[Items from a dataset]
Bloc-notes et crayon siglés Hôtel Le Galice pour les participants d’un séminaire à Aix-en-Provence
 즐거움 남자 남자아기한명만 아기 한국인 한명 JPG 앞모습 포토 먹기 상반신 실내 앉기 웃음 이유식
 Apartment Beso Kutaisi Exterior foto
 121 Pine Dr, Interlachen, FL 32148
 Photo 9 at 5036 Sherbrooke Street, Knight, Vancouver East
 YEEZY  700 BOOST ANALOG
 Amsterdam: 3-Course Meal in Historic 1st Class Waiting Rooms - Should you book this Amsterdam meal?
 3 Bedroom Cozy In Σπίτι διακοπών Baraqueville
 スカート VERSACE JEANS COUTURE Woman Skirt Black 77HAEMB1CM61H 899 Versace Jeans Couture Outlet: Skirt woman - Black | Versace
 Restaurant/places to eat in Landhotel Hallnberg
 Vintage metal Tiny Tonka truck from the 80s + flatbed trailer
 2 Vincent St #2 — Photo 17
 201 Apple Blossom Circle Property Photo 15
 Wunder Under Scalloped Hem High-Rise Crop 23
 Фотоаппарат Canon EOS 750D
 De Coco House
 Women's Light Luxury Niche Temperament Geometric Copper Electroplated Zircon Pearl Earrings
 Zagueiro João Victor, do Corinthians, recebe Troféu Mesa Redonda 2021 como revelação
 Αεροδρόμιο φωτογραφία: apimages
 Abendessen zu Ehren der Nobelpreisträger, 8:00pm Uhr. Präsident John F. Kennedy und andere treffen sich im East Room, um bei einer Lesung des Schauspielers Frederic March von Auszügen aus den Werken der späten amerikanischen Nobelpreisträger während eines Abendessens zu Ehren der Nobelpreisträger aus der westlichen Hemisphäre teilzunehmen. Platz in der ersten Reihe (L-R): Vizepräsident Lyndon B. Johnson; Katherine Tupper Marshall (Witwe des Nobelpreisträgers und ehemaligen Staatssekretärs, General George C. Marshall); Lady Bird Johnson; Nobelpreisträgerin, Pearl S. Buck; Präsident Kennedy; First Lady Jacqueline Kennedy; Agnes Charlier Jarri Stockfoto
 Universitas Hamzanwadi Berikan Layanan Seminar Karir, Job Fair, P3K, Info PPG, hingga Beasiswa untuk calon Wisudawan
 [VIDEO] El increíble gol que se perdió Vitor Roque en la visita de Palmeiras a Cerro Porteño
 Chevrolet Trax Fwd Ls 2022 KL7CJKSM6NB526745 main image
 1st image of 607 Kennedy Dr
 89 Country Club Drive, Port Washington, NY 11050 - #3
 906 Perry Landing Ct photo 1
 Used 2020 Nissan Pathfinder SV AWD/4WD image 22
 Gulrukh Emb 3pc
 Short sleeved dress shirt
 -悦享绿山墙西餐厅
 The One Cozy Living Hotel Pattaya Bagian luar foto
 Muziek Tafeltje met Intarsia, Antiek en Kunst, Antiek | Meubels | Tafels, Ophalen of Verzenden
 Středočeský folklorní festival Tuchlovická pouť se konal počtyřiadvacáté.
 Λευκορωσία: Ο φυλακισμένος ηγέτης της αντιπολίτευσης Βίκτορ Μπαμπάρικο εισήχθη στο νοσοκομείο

Problem to solve - Which lines of the records above contain the word "Cozy"? Report each one in full.

Reply to the task -
 3 Bedroom Cozy In Σπίτι διακοπών Baraqueville
 The One Cozy Living Hotel Pattaya Bagian luar foto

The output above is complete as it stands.